Of the lines below, write out exactly those from the line with "Calendario dell'avvento. 24" through the line with "ADN MERSERİZE TUNİK SİMLİ - ACI KAHVE - 2", both included, and skip the rest.
===== RECORDS FOR THE TASK
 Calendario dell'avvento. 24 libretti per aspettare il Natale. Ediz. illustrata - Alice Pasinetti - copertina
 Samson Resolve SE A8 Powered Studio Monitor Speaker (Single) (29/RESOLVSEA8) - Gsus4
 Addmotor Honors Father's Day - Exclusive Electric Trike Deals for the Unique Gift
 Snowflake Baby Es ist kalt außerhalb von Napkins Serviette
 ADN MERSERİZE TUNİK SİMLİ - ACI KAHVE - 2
==========
===== RECORDS FOR THE TASK
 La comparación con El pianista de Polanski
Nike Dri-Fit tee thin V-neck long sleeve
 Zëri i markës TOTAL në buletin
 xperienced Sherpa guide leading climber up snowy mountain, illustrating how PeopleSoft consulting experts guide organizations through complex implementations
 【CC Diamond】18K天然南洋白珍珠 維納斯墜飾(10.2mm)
==========
EXERCISE RESULT -
 Calendario dell'avvento. 24 libretti per aspettare il Natale. Ediz. illustrata - Alice Pasinetti - copertina
 Samson Resolve SE A8 Powered Studio Monitor Speaker (Single) (29/RESOLVSEA8) - Gsus4
 Addmotor Honors Father's Day - Exclusive Electric Trike Deals for the Unique Gift
 Snowflake Baby Es ist kalt außerhalb von Napkins Serviette
 ADN MERSERİZE TUNİK SİMLİ - ACI KAHVE - 2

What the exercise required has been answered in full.